This structure allowed the development of a compact database that ensured the comparative analysis of accessions in the mentioned collections. For analysing and identifying duplicates, the most important fields are ACCNAME, DONORNUM, OTHERNUM, as well as the SCINAM field for determining identity in terms of classification units (i.e., genus, species, subspecies, etc.). It was found that in the IPK database the fields DONORNUM (15%) and OTHERNUM (1%) are not sufficiently filled in, while the SCINAM field is populated well, but subtaxa is identified in only 88% of all cases, and 180 accessions have no species identification (i.e. Avena sp. only). The database at NGB featured all of the above mentioned drawbacks. All accessions are identified at the species level only, and without botanical varieties. In BAZ, the database has sufficiently complete DONORNUM (85%) and OTHERNUM (21%) fields, but the field SCINAM (40% for botanical varieties only) is very poor, confusing and quite often incorrect. We found several duplicates within collections (in field ADD identified as D). Within the analyzed collections, 130 duplicates have been found: 70 accessions in the IPK collection, 54 in BAZ and only 6 in NGB (Table 3). The analysis of passport data showed 464 accessions in the joint database to have some confusing information. These accessions require additional checking and consultations of genebank experts.

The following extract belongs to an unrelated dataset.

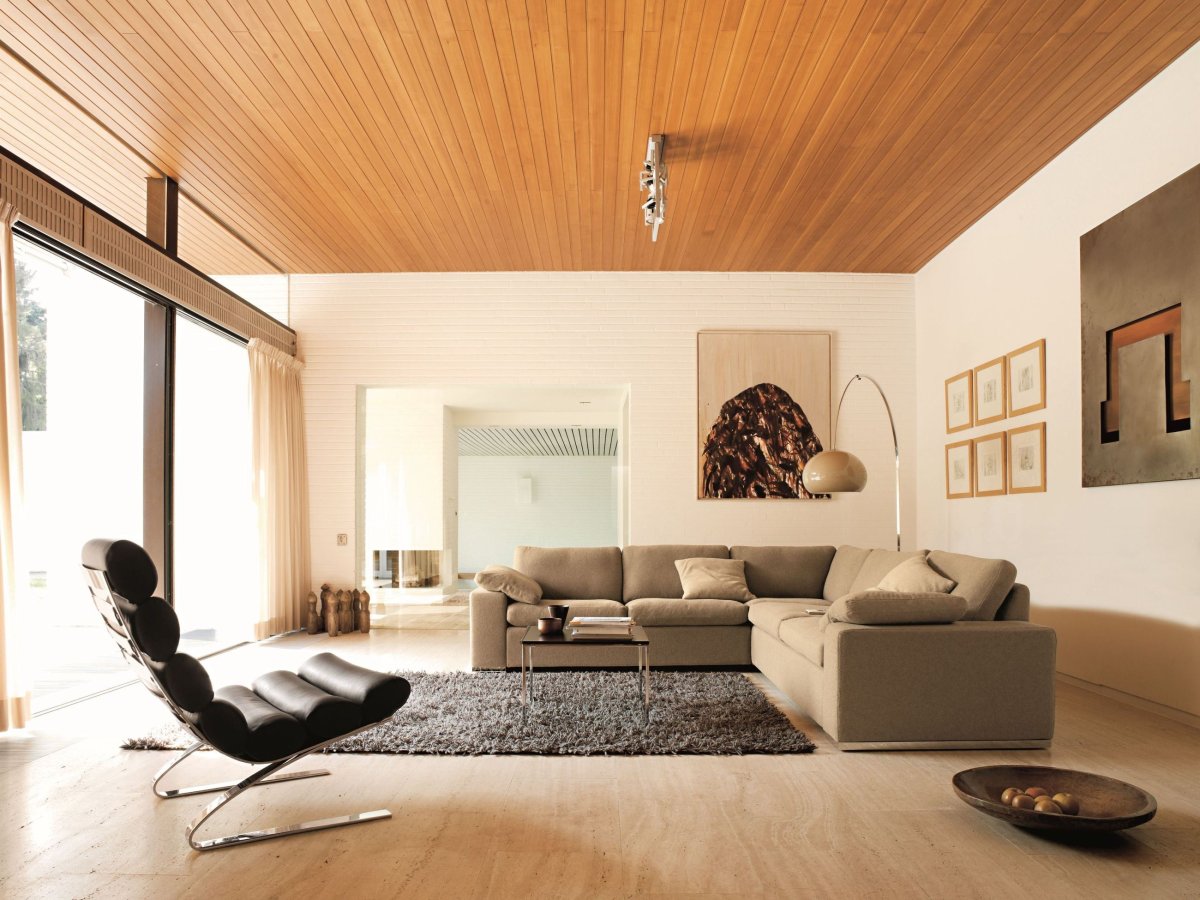 Гостиная с ламинатом на стене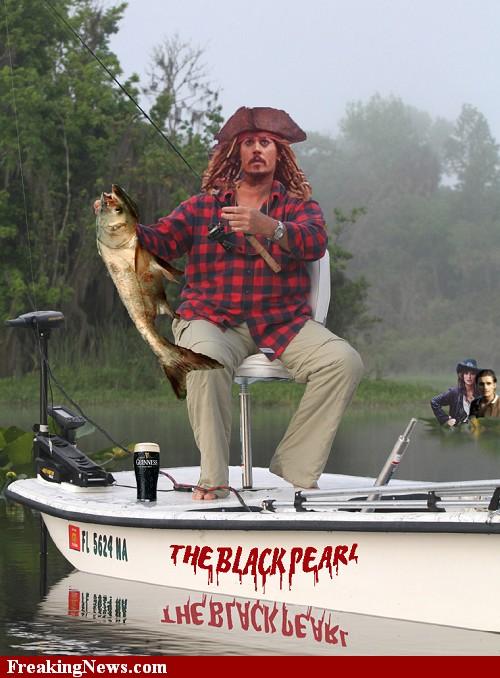 Diverse - pirate-jack-sparrow-on-fishing-vacation---91038.jpg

The conclusion from the analysis of 4 databases shows that 90% of the VIR database are unique accessions between four collection; the amount of these in the IPK database is 70%, and is equal to 50-60% in databases of BAZ and NGB. It is worth mentioned that quantity of unique accessions were following: VIR - 10770 accessions, IPK - 2080, BAZ - 1120 and NGB - 270. As we mentioned previously this compact database is about 18% from International Avena Database. It was analysed quantity unique entries using DONORNUM and OTHERNUM fields, where were collected information about identification numbers from different genebanks and especially from American genebank. This analysis showed that percent of unique accessions compare between other genebanks was lower: VIR - 80%, IPK - 60%, NGB - 45% and BAZ - 25%. From the analysis of databases, 1276 accessions have been found to have the same scientific name and be duplicated in 2 (1034 entries), 3 (207 entries), or sometimes in 4 (35 entries) genebanks at a time (Tables 5, 6 and 7).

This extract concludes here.